I’ve traveled to this northern suburb of Dallas, with its overwhelmingly aggressive highway-front of chain motels and franchise restaurants, for a Chinese martial arts tournament – tai chi, kung fu, wu shu, chi sau, shuai chiao, ba gua, wing chun, xing yi, choy lay fut, and who knows what else – because my teacher requires it, not because I want to be here.
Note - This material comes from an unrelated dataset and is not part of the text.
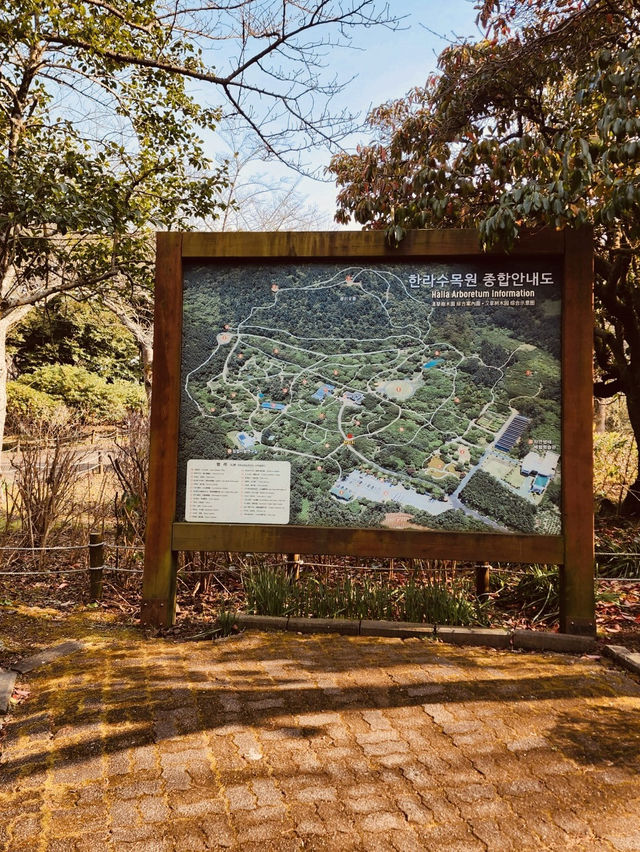  Botanical Showcase of Jeju's Diversity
The whole idea of competition is antithetical to tai chi, as book after book tells you, for the skills of forcefulness and flashiness required to win a competition are precisely those tai chi seeks to supplant with deceptive softness and spontaneous cunning.

But I’m getting something out of the experience by taking lots of workshops – in fact I had three scheduled at the same time yesterday and had to reshuffle. All three I took were from masters who have been teaching in this country for decades after arriving here from China. In different ways, in different words (and sometimes in the same words) they emphasized the same point, which cannot be emphasized too often:

Relax.

Don’t press. The force you think you are exerting is not really force but tension. Speed and acceleration are far more important than mass. Don’t go in with a plan; just follow what’s happening and respond before it happens. Leave your mind empty and your motions free and the opponent can’t follow you. Be in motion continuously. Defend on the weak side, not the strong side: start from Yin and turn it into Yang. Let the opponent overextend: take him where he already wants to go.

Time and again in these workshops, we saw how a soft movement is more effective than a hard movement in countering an attack. It takes a lifetime of patience to develop this skill, but once developed, it is almost magical. And perhaps to have the patience to get there is to have the skill itself.

Not a slack, enervated relaxation but an alert, energetic relaxation, a freedom from tension. The Chinese word is song, which is not adequately translated by any one English word.

I’m wondering how to apply it to life, which is of course the real point of all this. We all know of times when we’ve pressed too hard, meeting a force with too much force of our own and ending in a painful stalemate. Over the decades, in marriage especially, I’ve learned not to confront so much, not to insist on being right or having the last word.

Most men, most American men, in various aspects of their lives need to learn not to tense up so much, not to care about putting up a show of force, not to flood with anger, not to put their own tension into their own paths.

At the same time – having all the typical problems plus the opposite, less typical ones too – I’ve sometimes been told I’ve been too passive, too “go with the flow,” too yin. (Many years ago, long before I studied Chinese things, a therapist summed up my problem as “too yin. You need more yang.”)

The correct approach, of course, is balance. That’s really what tai chi is all about. It’s not a question of favoring yin over yang, although that is done strategically at certain points. It’s a matter of observing the constant, continuous flow of yin into yang and yang into yin. Neither of them can ever remain static, and each includes the other. (Which is why in the tai chi, also known as the “ying-yang diagram,” the black half contains a white dot and the white half a black dot.) You follow the changes and keep your balance, and you remain ready to turn each into the other.

In writing for example. What am I to write this morning? Well, I just looked out the window and found it. What words can I use to describe it best? No pressing for fancy words. As Kerouac said in “Belief and Technique for Modern Prose” (a quotation from which is always at the top of this page), “dont think of words when you stop but to see picture better.”

There are different guys out on the parking lot now, practicing. I’d better do something too.